Caso o estrago na receita se mostre mais forte, Klein afirma que a saída pode ser cortar mais despesas, principalmente onde é mais alcançável, ou seja, em investimentos e custeio como material de consumo e serviços terceirizados. Ele vê ainda uma outra forma de compor receita: contribuições extraordinárias para tentar fazer caixa, como a volta da CPMF. "Mas eu acho que seria uma saída política ruim".

Rafael Bistafa, economista da Rosenberg & Associados, lembra ainda que, no ano passado, o governo contou com receita de cerca de R$ 19 bilhões em dividendos, R$ 20 bilhões com o programa de parcelamento de dívidas, o Refis, além de R$ 5,1 bilhões com a outorga do direito de exploração da banda larga 4G. "Essas receitas extraordinárias evitaram um déficit primário ainda maior, o que é bastante preocupante".

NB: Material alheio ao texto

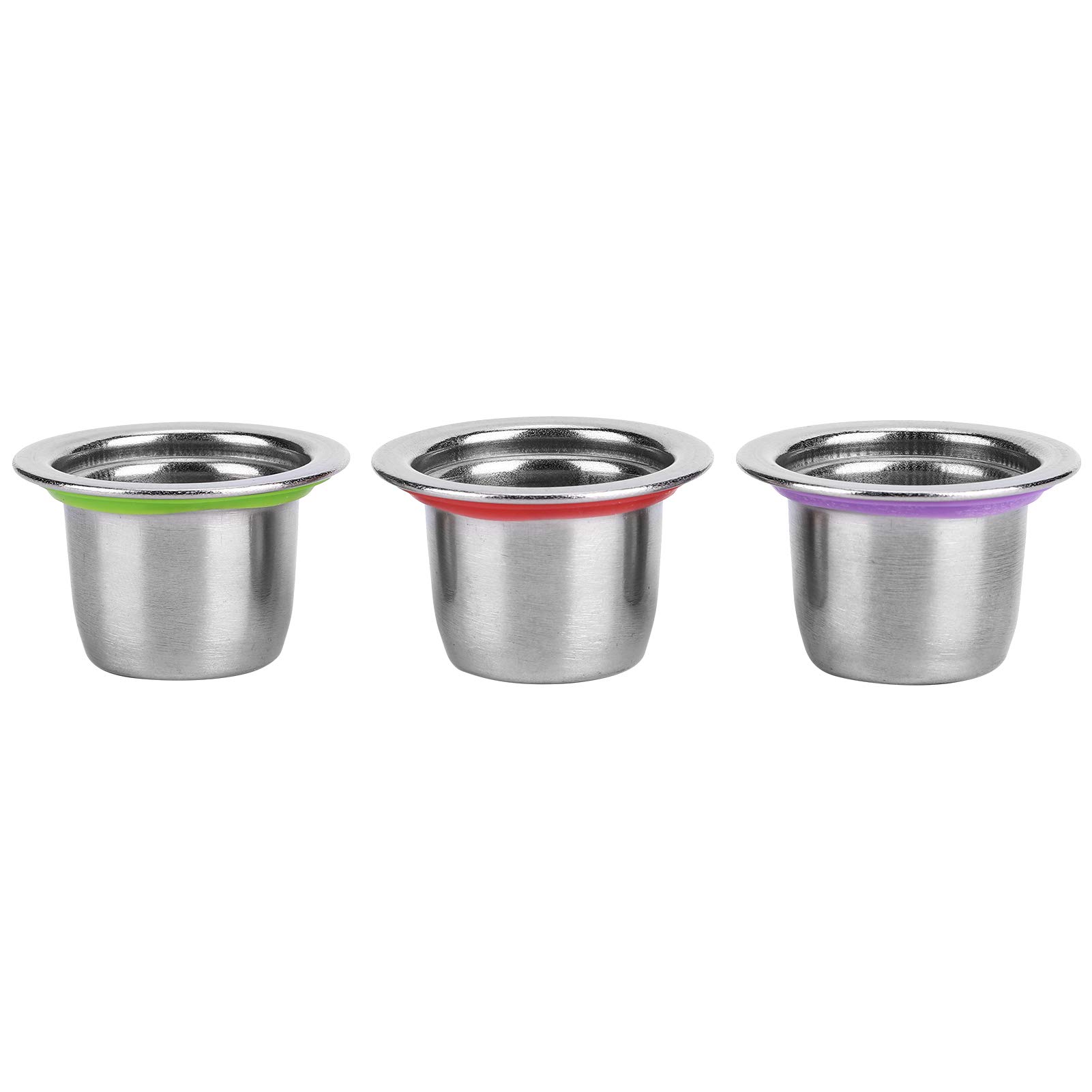 3Pcs/Set Coffee Capsule Reusable Pod Stainless Steel Refillable Coffee Capsule Coffee Pod Holder Filter Set 30x22x20mm Fit for Nespresso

O especialista em contas públicas Felipe Salto ressalta que o comportamento da arrecadação e da atividade tem andado em linha no período recente. "No passado, commodities em alta, abertura de capital, lucros maiores, entre outros movimentos, permitiram à arrecadação crescer acima do PIB, mas essa não é mais a realidade, ainda mais diante de tantas desonerações", pondera Salto. Em sua avaliação, a estimativa embutida no orçamento de 2015, de alta de 0,8% do PIB, está superestimada, mas é em cima dela que as receitas para este ano foram projetadas.

Para Bistafa, diante da dificuldade para atingir a meta de superávit primário em 2015, é possível que o governo volte a negociar a desoneração da folha de pagamentos. No ano passado, segundo a Receita Federal, o governo abriu mão de R$ 21,6 bilhões com o benefício. O restabelecimento da alíquota de 20% da folha para alguns setores, por exemplo, pode compensar em parte a frustração com o PIB.

Por enquanto, diz, a Rosenberg estima que o governo vai conseguir entregar o resultado prometido por Levy, mas não sem dificuldades. "Estamos dando um voto de confiança e acreditamos que o governo vai cumprir a meta, especialmente porque todas as medidas tomadas desde o fim do ano passado foram no sentido correto. Mas sabemos que é difícil em um quadro de recessão".

Menos otimista, Salto avalia que para chegar ao superávit de 1,2% do PIB em 2015, o esforço fiscal do governo terá de ser da ordem de R$ 100 bilhões. Esse é o valor que será necessário para dar conta da herança de 2014 e bancar a economia deste ano. Além dos já anunciados R$ 20 bilhões em aumento de impostos, ele espera novas medidas de aumento da carga tributária (principalmente recomposição de IPI e de PIS-Cofins) que podem trazer mais R$ 17 bilhões a R$ 20 bilhões para o caixa federal.

Além desse reforço na arrecadação, diz Salto, o restante do ajuste deve vir de corte de despesas, que só será efetivo com uma redução de R$ 40 bilhões nos investimentos previstos (o orçamento projeta R$ 65 bilhões, incluindo as obras do PAC), e mais R$ 25 bilhões em despesas discricionárias. "Passados alguns meses, se a dinâmica da economia for mesmo muito ruim, talvez o governo precise revisar a meta. Se acontecer, será fundamental assumir isso oficialmente."

Partindo-se do déficit primário de R$ 17,2 bilhões do governo central, a Tendências reviu a projeção e agora prevê um resultado negativo para o setor público consolidado de R$ 18,6 bilhões, ou 0,36% do PIB. Isso se Estados e municípios encerrarem o ano passado com um esforço fiscal zero. Supondo, porém, que eles cumpram a meta de 0,15% do PIB esperada, o déficit cairia para R$ 12,5 bilhões, ou 0,24% do PIB esperado para 2014.